REQUIRED WORK: An exact copy of the listing below is required, minus its pictures.

GIVEN INFORMATION:
§

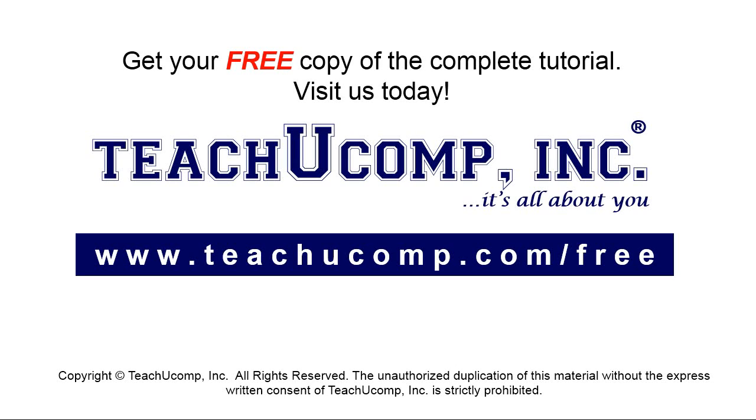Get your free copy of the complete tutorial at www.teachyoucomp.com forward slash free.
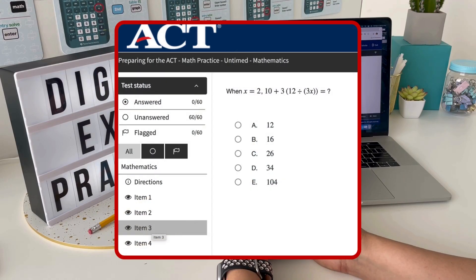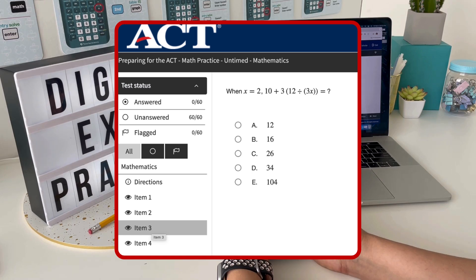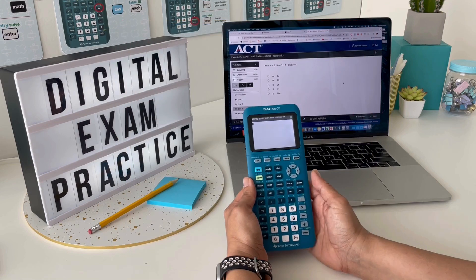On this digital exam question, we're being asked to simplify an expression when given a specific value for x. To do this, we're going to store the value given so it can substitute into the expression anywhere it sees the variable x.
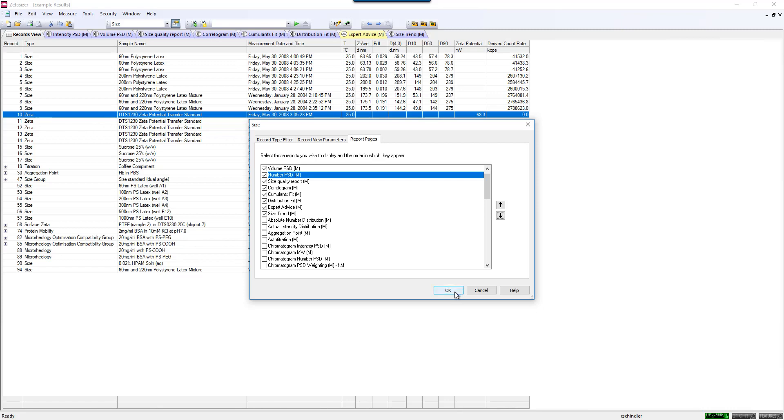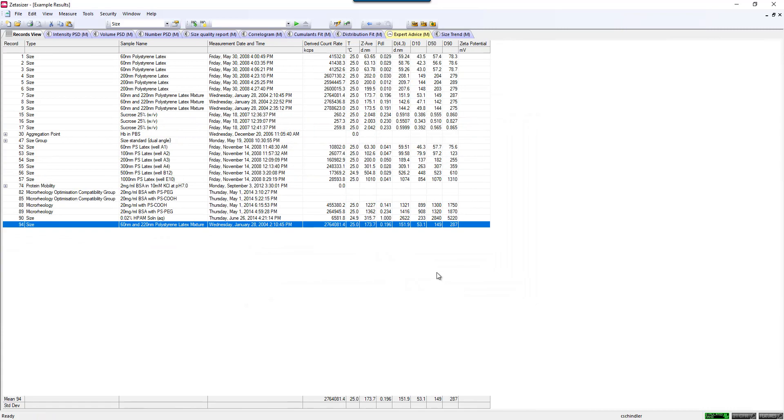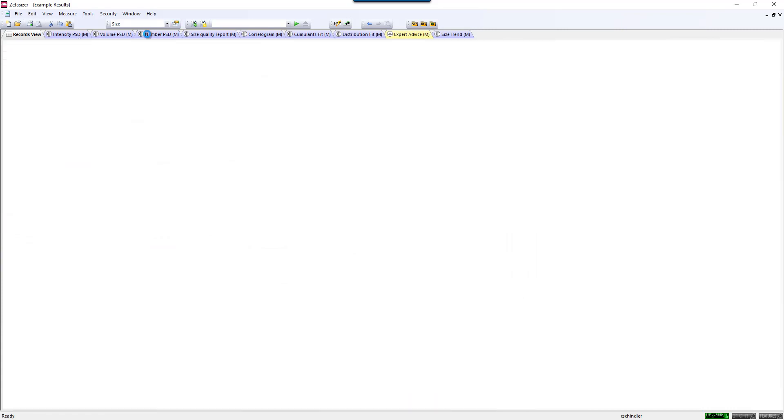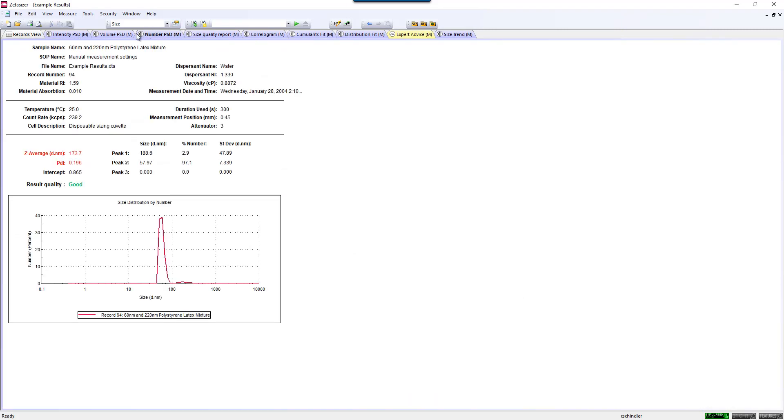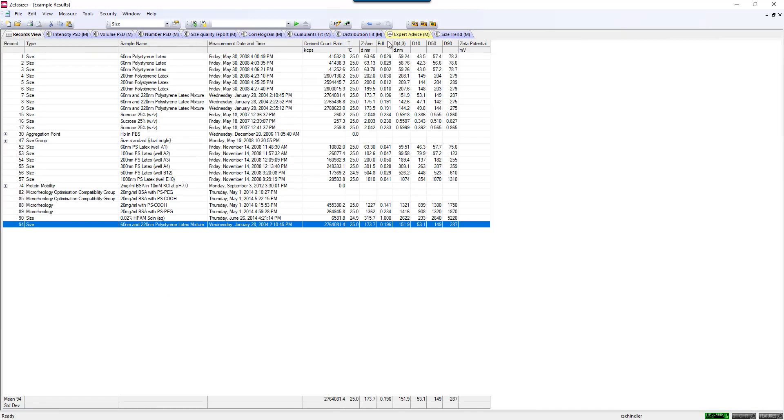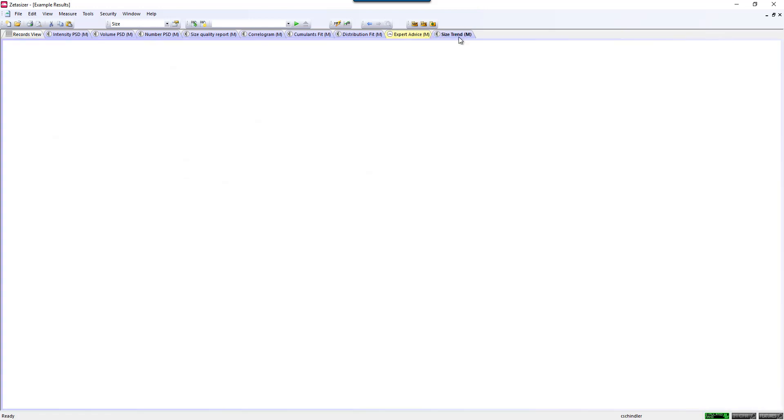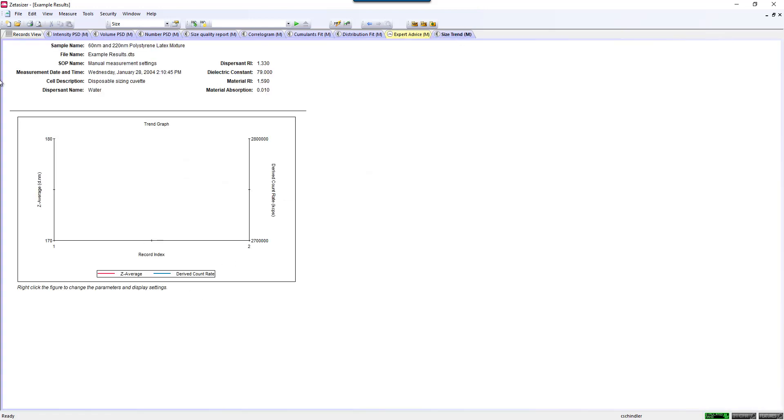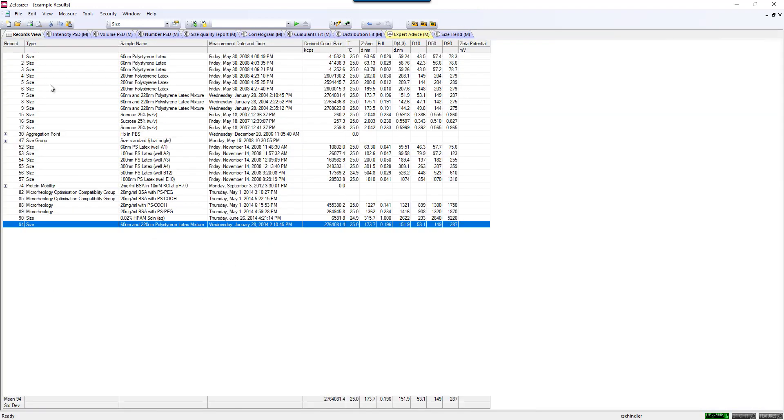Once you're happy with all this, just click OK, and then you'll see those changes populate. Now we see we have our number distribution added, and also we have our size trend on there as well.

§

RESPONSE:
Get your free copy of the complete tutorial at www.teachyoucomp.com forward slash free.
On this digital exam question, we're being asked to simplify an expression when given a specific value for x. To do this, we're going to store the value given so it can substitute into the expression anywhere it sees the variable x.
Once you're happy with all this, just click OK, and then you'll see those changes populate. Now we see we have our number distribution added, and also we have our size trend on there as well.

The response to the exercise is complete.